Böylece matematiğin bilinemez alanı biraz daha genişledi. Şimdi, yakın zamanda iki matematikçi, Matiyaseviç’in kanıtını daha da geliştirdi ve aynı şeyi bir kez daha söyledi.
Gödel kanıtlamasından beri biliyoruz zaten ama matematikçiler dönüp dönüp aynı konunun etrafına girmeye, farklı yollar denemeye devam ediyorlar, her seferinde de aynı kapıya çıkıyorlar: İnsan bilgisinin sınırları var.
Buradan hemen metafizik sonuçlara uçuş yapmayı hayal edenleri de uyarayım: Aslında iyi ki de var. Yoksa makineleri koyardık, her problemi onlar çözerdi ama şimdi her problemin bir çözümü olmadığını bildiğimiz için insanlara ihtiyacımız var.
Yapay zekadan korku da tam bu sebeple yersiz bir korku.

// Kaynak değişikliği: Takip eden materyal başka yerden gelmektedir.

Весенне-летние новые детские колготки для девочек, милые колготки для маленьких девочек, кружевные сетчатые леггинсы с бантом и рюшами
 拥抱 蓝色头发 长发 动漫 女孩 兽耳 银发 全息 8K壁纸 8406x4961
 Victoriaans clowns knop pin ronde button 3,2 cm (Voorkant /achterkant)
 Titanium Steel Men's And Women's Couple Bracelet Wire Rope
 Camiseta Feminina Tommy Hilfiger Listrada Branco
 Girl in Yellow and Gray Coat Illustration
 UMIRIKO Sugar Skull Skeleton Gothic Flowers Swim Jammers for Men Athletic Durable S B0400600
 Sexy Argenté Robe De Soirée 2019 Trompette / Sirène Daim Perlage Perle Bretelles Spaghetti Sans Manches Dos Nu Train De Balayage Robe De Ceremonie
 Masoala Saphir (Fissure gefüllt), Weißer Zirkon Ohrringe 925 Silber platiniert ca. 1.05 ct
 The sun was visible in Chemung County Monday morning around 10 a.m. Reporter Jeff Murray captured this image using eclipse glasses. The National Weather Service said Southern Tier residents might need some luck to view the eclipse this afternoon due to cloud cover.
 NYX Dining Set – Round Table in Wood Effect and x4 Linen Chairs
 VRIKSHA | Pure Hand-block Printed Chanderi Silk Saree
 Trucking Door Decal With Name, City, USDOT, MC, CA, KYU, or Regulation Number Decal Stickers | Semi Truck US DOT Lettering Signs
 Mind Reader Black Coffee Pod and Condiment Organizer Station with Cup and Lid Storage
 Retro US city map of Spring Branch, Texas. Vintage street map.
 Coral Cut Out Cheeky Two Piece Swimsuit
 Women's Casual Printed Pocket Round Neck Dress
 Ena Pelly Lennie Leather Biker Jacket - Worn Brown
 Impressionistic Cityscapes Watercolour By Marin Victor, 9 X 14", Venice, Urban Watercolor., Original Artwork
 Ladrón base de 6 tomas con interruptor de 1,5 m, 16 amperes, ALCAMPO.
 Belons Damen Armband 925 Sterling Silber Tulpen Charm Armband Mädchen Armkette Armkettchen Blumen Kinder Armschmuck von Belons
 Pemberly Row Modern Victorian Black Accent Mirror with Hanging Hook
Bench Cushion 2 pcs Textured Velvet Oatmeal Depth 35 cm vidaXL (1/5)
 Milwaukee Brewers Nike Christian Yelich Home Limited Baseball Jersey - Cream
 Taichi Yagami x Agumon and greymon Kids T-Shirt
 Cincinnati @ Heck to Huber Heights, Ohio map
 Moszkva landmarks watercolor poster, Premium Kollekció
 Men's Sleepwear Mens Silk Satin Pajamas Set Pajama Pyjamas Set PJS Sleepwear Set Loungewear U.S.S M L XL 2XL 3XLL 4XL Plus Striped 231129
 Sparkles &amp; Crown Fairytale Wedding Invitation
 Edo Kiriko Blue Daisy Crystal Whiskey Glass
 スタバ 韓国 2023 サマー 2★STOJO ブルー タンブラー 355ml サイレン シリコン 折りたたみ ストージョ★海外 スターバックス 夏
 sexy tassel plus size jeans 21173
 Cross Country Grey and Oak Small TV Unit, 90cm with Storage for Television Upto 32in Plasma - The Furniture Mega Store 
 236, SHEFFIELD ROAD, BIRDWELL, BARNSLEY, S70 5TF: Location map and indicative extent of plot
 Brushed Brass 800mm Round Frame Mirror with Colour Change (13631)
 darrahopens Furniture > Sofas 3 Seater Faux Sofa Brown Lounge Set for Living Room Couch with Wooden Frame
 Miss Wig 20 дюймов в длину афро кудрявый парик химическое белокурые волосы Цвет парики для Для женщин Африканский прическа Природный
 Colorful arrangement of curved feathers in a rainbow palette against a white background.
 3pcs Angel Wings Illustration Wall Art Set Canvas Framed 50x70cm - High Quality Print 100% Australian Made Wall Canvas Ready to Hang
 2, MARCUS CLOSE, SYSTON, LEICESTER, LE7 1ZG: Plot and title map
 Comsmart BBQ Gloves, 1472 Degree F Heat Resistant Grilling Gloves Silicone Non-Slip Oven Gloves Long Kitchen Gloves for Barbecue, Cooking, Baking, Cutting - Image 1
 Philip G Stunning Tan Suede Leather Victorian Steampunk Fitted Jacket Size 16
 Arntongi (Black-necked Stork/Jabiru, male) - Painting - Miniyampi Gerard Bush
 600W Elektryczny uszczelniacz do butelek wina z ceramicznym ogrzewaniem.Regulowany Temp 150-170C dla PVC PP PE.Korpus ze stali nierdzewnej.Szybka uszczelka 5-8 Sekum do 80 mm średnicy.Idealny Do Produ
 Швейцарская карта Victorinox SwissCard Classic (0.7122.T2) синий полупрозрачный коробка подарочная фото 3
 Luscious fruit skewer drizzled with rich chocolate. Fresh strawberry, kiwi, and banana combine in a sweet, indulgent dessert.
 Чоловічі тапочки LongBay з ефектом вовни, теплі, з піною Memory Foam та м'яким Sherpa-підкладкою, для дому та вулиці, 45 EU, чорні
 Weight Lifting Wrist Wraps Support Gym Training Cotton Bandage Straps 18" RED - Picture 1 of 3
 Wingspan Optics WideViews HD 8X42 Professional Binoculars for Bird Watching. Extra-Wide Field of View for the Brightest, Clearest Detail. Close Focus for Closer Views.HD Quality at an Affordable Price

Nihayetinde korkmanıza gerek yok; çünkü biliyoruz ki her şeyi yapabilen, her problemi çözebilen bir makina mümkün değil, bunu yapmaya kalkışan bir makina günün birinde ortaya çıkarsa başına geleceği de daha 1936’da Alan Turing söylemişti: Tek bir sorunun cevabını bulmak uğruna sonsuza kadar çalışmak zorunda kalıp geri kalan işleri yapamaz.